> [COLLECTED MATERIAL]:
────────────────────

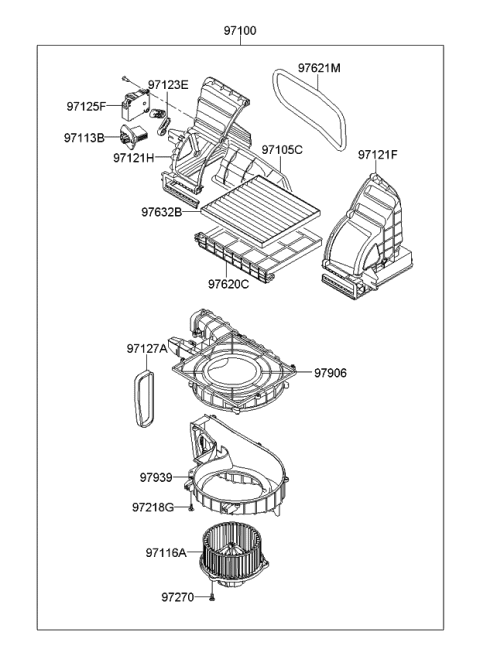 2011 Kia Rio Heater System-Heater & Evaporator Diagram 3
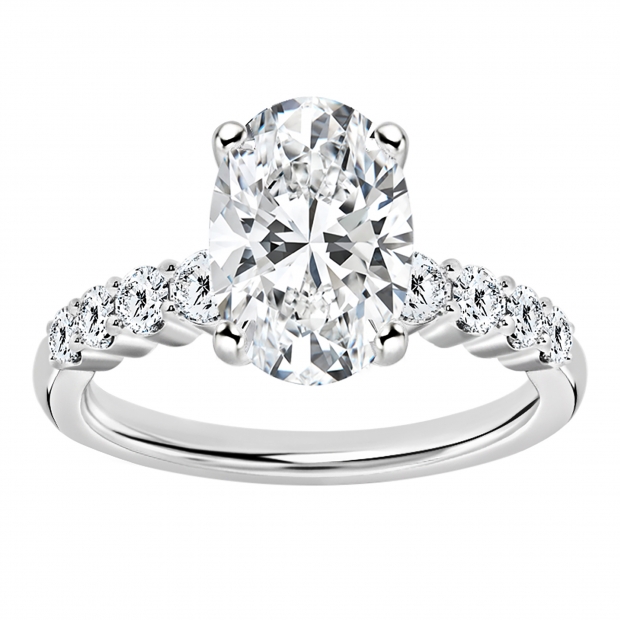 Oval (1.00 CT) & Round (0.23 CT) Cubic Zirconia Solitaire Engagement Ring for Women in 925 Sterling Silver Size 7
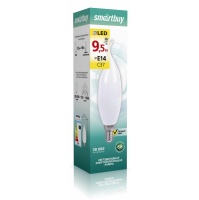 Светодиодная (LED) Свеча на ветру матовая Лампа Smartbuy-C37-9,5W/3000/E14 (SBL-C37Can-9_5-30K-E14)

────────────────────

> [YOUR OBJECTIVE]: The listing above should be repeated word for word, with every image left out.

> [ANSWER TO THE EXERCISE]:
 2011 Kia Rio Heater System-Heater & Evaporator Diagram 3
 Oval (1.00 CT) & Round (0.23 CT) Cubic Zirconia Solitaire Engagement Ring for Women in 925 Sterling Silver Size 7
 Светодиодная (LED) Свеча на ветру матовая Лампа Smartbuy-C37-9,5W/3000/E14 (SBL-C37Can-9_5-30K-E14)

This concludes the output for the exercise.